- UB-148 at sea, a U-boat similar to UB-85.

History

German Empire
- Name: UB-85
- Ordered: 23 September 1916
- Builder: AG Weser, Bremen
- Cost: 3,341,000 German Papiermark
- Yard number: 285
- Laid down: 24 January 1917
- Launched: 26 October 1917
- Commissioned: 24 November 1917
- Fate: Sunk 30 April 1918

General characteristics
- Class & type: Type UB III submarine
- Displacement: 516 t (508 long tons) surfaced; 647 t (637 long tons) submerged;
- Length: 55.85 m (183 ft 3 in) (o/a)
- Beam: 5.80 m (19 ft)
- Draught: 3.72 m (12 ft 2 in)
- Propulsion: 2 × propeller shaft; 2 × Daimler four-stroke 6-cylinder diesel engines, 1,050 bhp (780 kW); 2 × BBC electric motors, 780 shp (580 kW);
- Speed: 13.4 knots (24.8 km/h; 15.4 mph) surfaced; 7.5 knots (13.9 km/h; 8.6 mph) submerged;
- Range: 8,180 nmi (15,150 km; 9,410 mi) at 6 knots (11 km/h; 6.9 mph) surfaced; 50 nmi (93 km; 58 mi) at 4 knots (7.4 km/h; 4.6 mph) submerged;
- Test depth: 50 m (160 ft)
- Complement: 3 officers, 31 men
- Armament: 5 × 50 cm (19.7 in) torpedo tubes (4 bow, 1 stern); 10 torpedoes; 1 × 8.8 cm (3.46 in) deck gun;

Service record
- Part of: V Flotilla; 10 February – 30 April 1918;
- Commanders: Kptlt. Günther Krech; 24 November 1917 – 30 April 1918;
- Operations: 2 patrols
- Victories: None

= SM UB-85 =

World War I U-boat in the German Imperial Navy

SM UB-85 was a Type UB III U-boat in the German Imperial Navy (Kaiserliche Marine) during World War I. Ordered on 23 September 1916, the U-boat was built at the AG Weser shipyard in Bremen and commissioned on 24 November 1917, under the command of Kapitänleutnant Günther Krech.

==Construction==

SM UB-85 was built by AG Weser of Bremen and following just under a year of construction, launched at Bremen on 26 October 1917, and was commissioned later that same year. Like all Type UB III submarines, UB-85 carried 10 torpedoes and was armed with a 8.8 cm deck gun. UB-85 would carry a crew of up to 3 officers and 31 men and had a cruising range of 8,180 nmi. UB-85 had a displacement of 516 t while surfaced and 647 t when submerged. Her engines enabled her to travel at 13.4 kn when surfaced and 7.5 kn when submerged.

==Service history==
On her second patrol, she was picked up by HM Drifter Coreopsis II off the coast of Belfast, Northern Ireland on 30 April 1918, after she was partly flooded through a semi-open hatch while trying to evade attack by the British vessel. The ingress of water could not be controlled, since cables for a heater in the officers' compartment had previously been laid through a watertight door, by order of Kapt. Krech. The submarine was forced to surface and was abandoned by her crew while under fire at position . No casualties occurred amongst the 34 crew who were taken as prisoners of war.
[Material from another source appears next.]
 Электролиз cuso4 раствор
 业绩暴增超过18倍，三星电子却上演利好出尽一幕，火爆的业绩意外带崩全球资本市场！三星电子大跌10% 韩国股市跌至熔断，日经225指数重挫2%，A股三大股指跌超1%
==Relationship with cryptozoology==

Under interrogation, the captain is reported to have said that the submarine had surfaced the night before to recharge the batteries and had been attacked by a large sea creature, a "strange beast" that rose out of the deep and damaged the vessel, leaving it unable to submerge. The crew had fired their sidearms at the creature.

==Wreck==

Engineers working on an electricity cable, the Western HVDC Link, discovered the almost intact wreck of a Type UB III submarine, believed to be either UB-85 or , lying off the Galloway coast in October 2016. Dr Innes McCartney who identified the wreck said: "We are certainly closer to solving the so-called mystery of UB-85 and the reason behind its sinking - whether common mechanical failure or something that is less easily explained."